Britain owes reparations to the Caribbean. The exploitation of generations of those trafficked from Africa, or born into enslavement, to work the immensely profitable sugars plantations, enriched both British individuals and the British nation. Colonialism, even after emancipation, perpetuated the exploitation. The Caribbean still suffers, and Britain still benefits, from these historic wrongs.
There are some fairly standard objections to reparations -- 'slavery ended a long time ago'; 'Britain should be celebrating its role in abolishing slavery'; 'slavery was legal back then and we shouldn't judge the past by the standards of the present'; 'you shouldn't visit the sins of the fathers on the sons'; and so on. And there is a sense that the practical problems of who should pay what to whom are immensely difficult.

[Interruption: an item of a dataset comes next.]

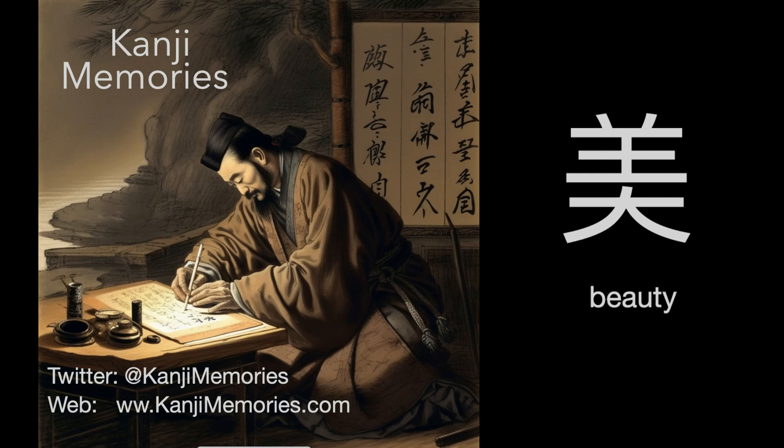Hi, this is Dumb Dave for Kanji Memories, with another video to help you remember how to read or write a Japanese kanji. We will remember this one using the word beauty. See kanjimemories.com for an explanation, or just follow along, and all will become clear.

Michael Banner carefully considers and answers these objections. He argues that reparations are not about punishment, but about the restoration of wrongful gains. In Reparations Now! he makes a specific and practical proposal regarding reparations, picking up on the programme suggested by Caribbean countries (through CARICOM), and taking as a starting point the nearly £20 million paid as compensation by the British government at abolition, not to those who had suffered slavery, but to those who lost enslaved labourers.
Reparations Now! discusses what can be done, here and now, by individuals and institutions, to advance the case for reparations between national governments.
Michael Banner is Dean and Fellow of Trinity College, University of Cambridge, having previously held chairs in the University of Edinburgh and at King's College, University of London. He has been a regular contributor to discussions of public policy in areas ranging from the environment to the use of animals in science, from ethical investment to the regulation of the use of human tissue, and has chaired or served as a member of numerous government committees over the past 25 years.